Edward Inkerman Jordan Bell (1886 – 24 March 1918) was a British professional footballer who played for Southampton in the early 20th century. He later was a soldier who was twice awarded for gallantry in the First World War but died in the Battle of the Somme in March 1918.

==Football career==
Bell was born in Gibraltar, the son of Maj. E. I. Bell (Royal Fusiliers), and Minnie Bell and given the middle name "Inkerman", presumably a reference to his father's military service. His father was later stationed at Aldershot and Bell played his early football for South Farnborough.

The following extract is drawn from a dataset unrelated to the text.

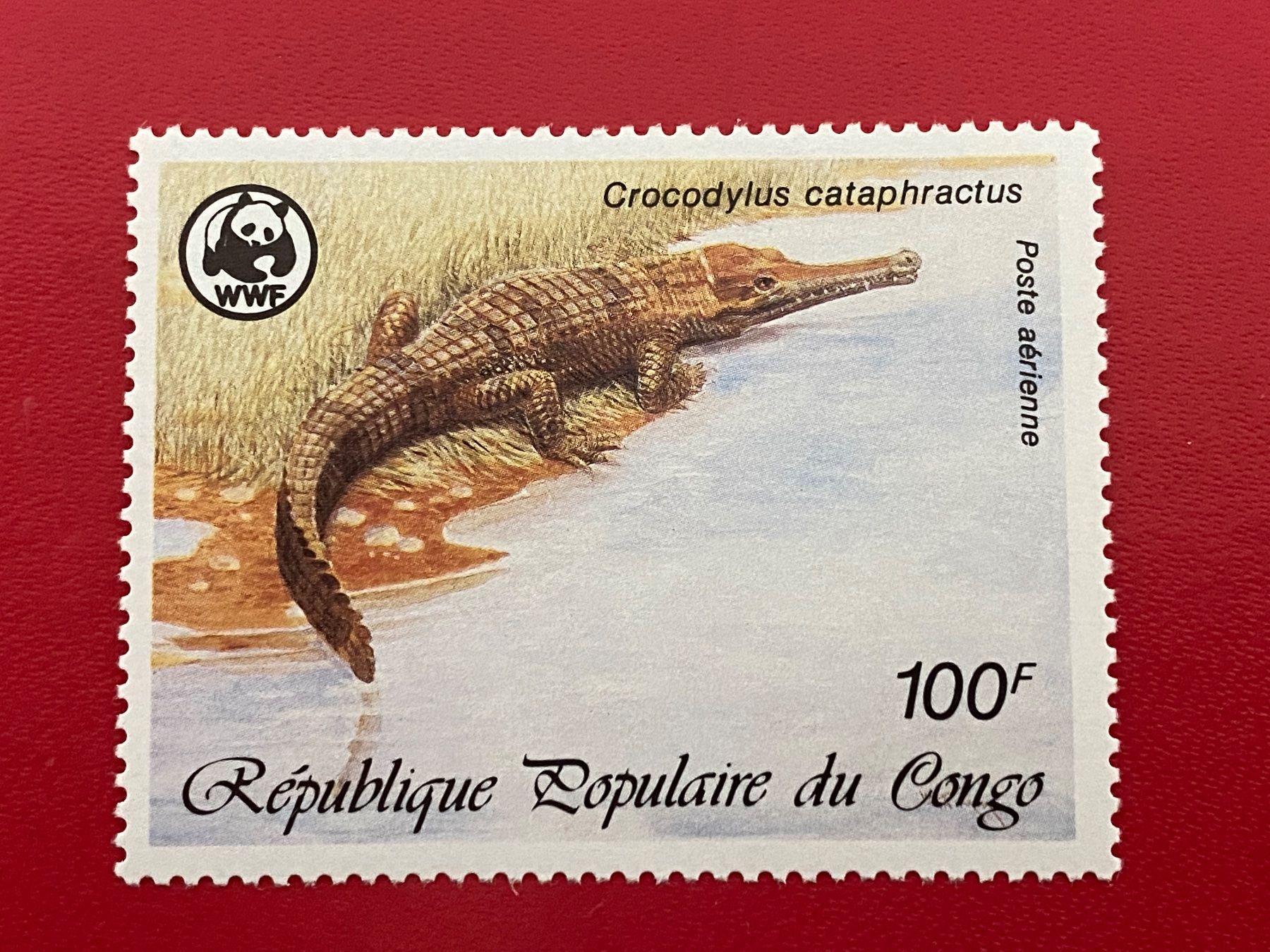 Alle Briefmarken: Timbres - Congo – Neu (gemäss Beschreibung) aus Petit-Lancy von Solcarm 4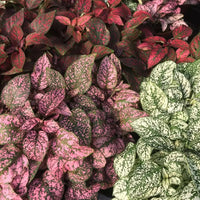 Polka Dot Plant Mix (Hypoestes spp.) - Ladybird Nursery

After a short period with Crystal Palace as an amateur in February 1907, when he made a small number of appearances in the reserve team in the London and Western League, and a trial with Portsmouth, Bell was signed by Southampton of the Southern League in March 1907. He went straight into the team, making two appearances at outside-right in April as a replacement for triallist J. Patten; both matches, against Queens Park Rangers and Fulham, ended in 3–0 defeats. Bell made two more appearances in the 1907–08 season, as a replacement for John Bainbridge and was released at the end of the season.

==Later career==
Bell returned to South Farnborough and was re-instated as an amateur, working as a Government Contracts Inspector.

He has been confused with E.J. Bell who made four first-team appearances for Portsmouth at the start of the 1910–11 season, having previously played for Exeter City.

==Military career==
During the First World War, he joined the 17th Battalion of the Middlesex Regiment (the "Footballers' Battalion"), achieving the rank of captain. In July 1916, his commanding officer, Major Frank Buckley (later to become manager of several football clubs, including Blackpool, Wolves and Leeds United) was wounded at Delville Wood, and Bell assumed command of the battalion. In October 1916, he was awarded the Military Cross for his actions during the battle. The citation states: Finding himself in command of the battalion he repelled a counter-attack with great determination. On another occasion he rescued several men from a blown-in dugout.

Following the disbanding of the battalion in February 1918, Bell was attached to the 99th Infantry Brigade. He was killed on 24 March 1918 in the Battle of the Somme and buried at the Albert Communal Cemetery.

In July 1918, he received a posthumous "bar" to his Military Cross for conspicuous gallantry and devotion to duty. The citation reads:While holding a section of the front line he located and supervised the formation of forward dumps of ammunition and material. He carried out the work in daylight close to the enemy, and often under very heavy shell and machine-gun fire.

==Family==
He left a widow, Edith Anne Bell. Their son, born in October 1918 six months after Bell's death, was named after his father. In the Second World War, he became an acting Squadron Leader in the Royal Air Force, before being captured and imprisoned in Stalag Luft III. Awarded the DFC, he later served in the Korean War in the North Staffordshire Regiment and retired as a Major.